- Full name: Diana Konstantinovna Borisova
- Born: 21 March 1997 (age 29) Kemerovo, Russia
- Height: 178 cm (5 ft 10 in)

Gymnastics career
- Discipline: Rhythmic gymnastics
- Country represented: Russia (2008 - 2016)
- Head coach: Irina Viner
- Assistant coach: Vera Shatalina
- Former coach: Marina Kaliuzhnaya
- Retired: 2016
- Medal record
Representing Russia
Group Rhythmic Gymnastics
World Championships
| Gold medal – first place | 2014 Izmir | 3 Balls + 2 Ribbons |
| Gold medal – first place | 2015 Stuttgart | Group All-around |
| Gold medal – first place | 2015 Stuttgart | 6 Clubs + 2 Hoops |
| Silver medal – second place | 2015 Stuttgart | 5 Ribbons |
European Games
| Gold medal – first place | 2015 Baku | Group All-Around |
| Gold medal – first place | 2015 Baku | 5 Ribbons |
European Championships
| Gold medal – first place | 2014 Baku | Group All-around |
| Gold medal – first place | 2014 Baku | 3 Balls + 2 Ribbons |
| Silver medal – second place | 2014 Baku | 10 Clubs |
Junior European Championships
| Gold medal – first place | 2012 Nizhny Novgorod | Team |
| Gold medal – first place | 2012 Nizhny Novgorod | Hoop |

= Diana Borisova =

Russian group rhythmic gymnast

Diana Konstantinovna Borisova (Диана Константиновна Борисова; born 21 March 1997) is a retired Russian group rhythmic gymnast. She is the 2015 Worlds Group all-around champion, the 2015 European Games Group All-around champion and the 2012 European Junior Hoop champion.

== Career ==

=== Junior ===
A member of the Russian national team since 2008, Borisova started as an individual gymnast. Her first coach was Marina Kaliuzhnaya. Starting in 2009, she was coached by Vera Shatalina who also trained Dina Averina, Arina Averina and former Olympians Yulia Barsukova and Olga Kapranova. She won the silver in all-around at the 2011 Russian Junior Championships.

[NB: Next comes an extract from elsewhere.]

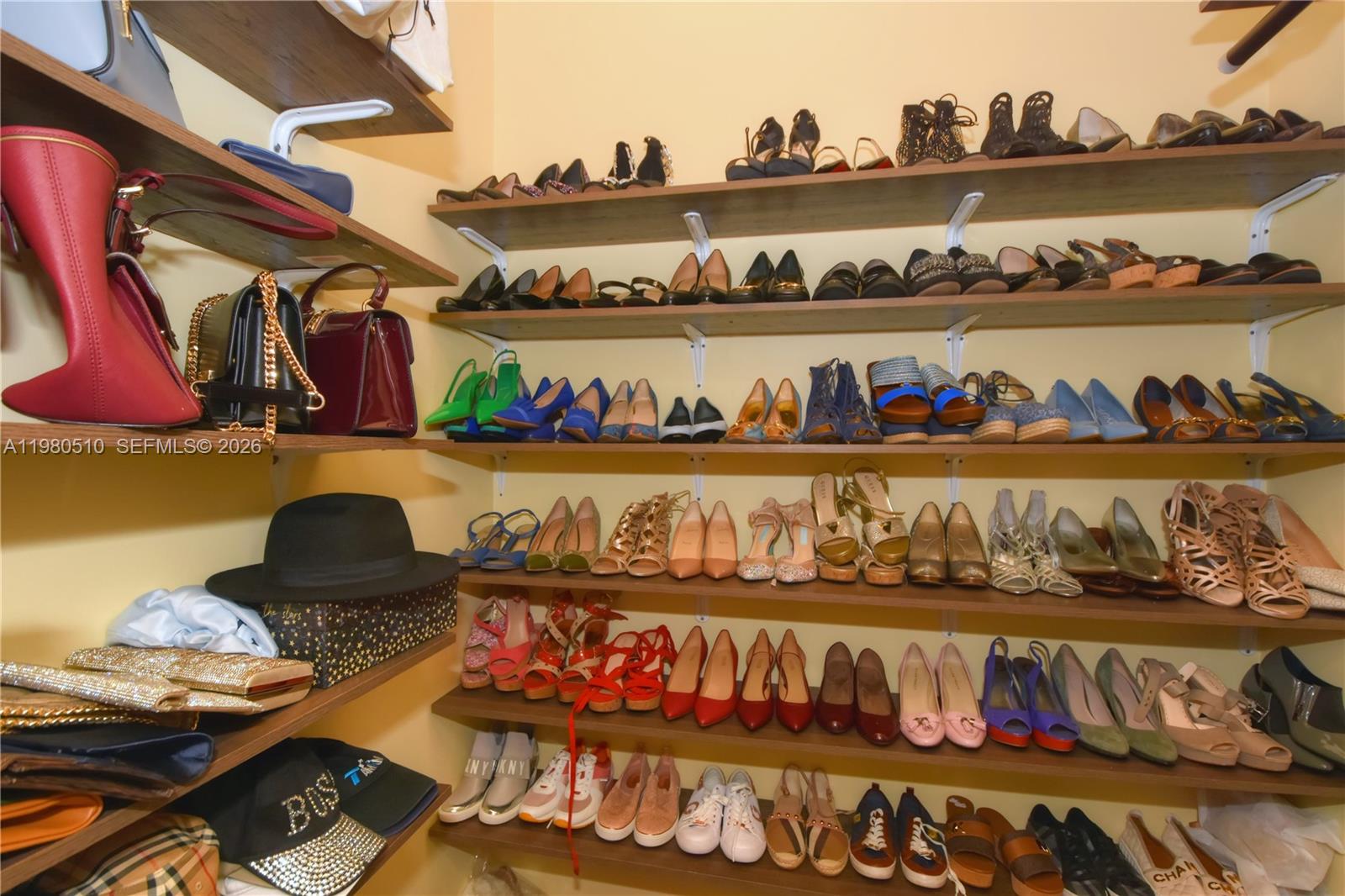 WOODMONT GREENS - Residential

Borsiova had a successful junior career winning numerous medals including gold medal in hoop at the 2012 Pesaro and 2012 Kyiv Junior World Cup. She took silver in clubs at the 2010 Pesaro Junior World Cup. At the 2012 European Junior Championships, Borisova won the gold medals in hoop and with the Russian junior team (Yana Kudryavtseva, Julia Sinitsina and Aleksandra Soldatova).

=== Senior ===
Borisova debuted as a Senior in the 2013 season, she finished 7th in all-around at the 2013 Russian Championships. She later began training as a Group rhythmic gymnast and became a member of the Russian National group, replacing injured gymnast Alina Makarenko. Borisova began competing with the Russian Group at the 2013 World Cup series.

In 2014 season, Borisova was member of the Russian Group at the 2014 European Championships in Baku, Azerbaijan where they won gold in Group all-around, 2Ribbon / 3Balls and silver in 10 Clubs. At the 2014 World Championships, the Russian Group finished 4th in all-around and took gold in 2Ribbon / 3Balls.

In 2015, Borisova missed the early part of the season due to an ankle injury. She returned to competition at the 2015 Pesaro World Cup. Borisova was member of the Group that competed at the inaugural 2015 European Games held in Baku, Azerbaijan where they won gold in Group All-around and 5 Ribbons. At the 2015 World Cup Budapest, Borisova with the Russian Group won gold in Group all-around, 5 Ribbons and bronze in 6 clubs/2 Hoops. At the 2015 World Cup series in Kazan, Borisova together with members of the Russian Group won the gold medal in Group all-around. In event finals, they also won gold in 5 ribbons and 6 clubs + 2 hoops. On September 9–13, Borisova together with other members of Russian Group ( Sofya Skomorokh, Daria Kleshcheva, Anastasia Maksimova, Anastasiia Tatareva and Maria Tolkacheva ) competed at the 2015 World Championships in Stuttgart where they won the Group all-around title. It had been eight years since the Russian Group last won the all-around title in 2007. In apparatus finals, Borisova was a member of the group that won silver in 5 Ribbons.

She finished her gymnastics career in 2016.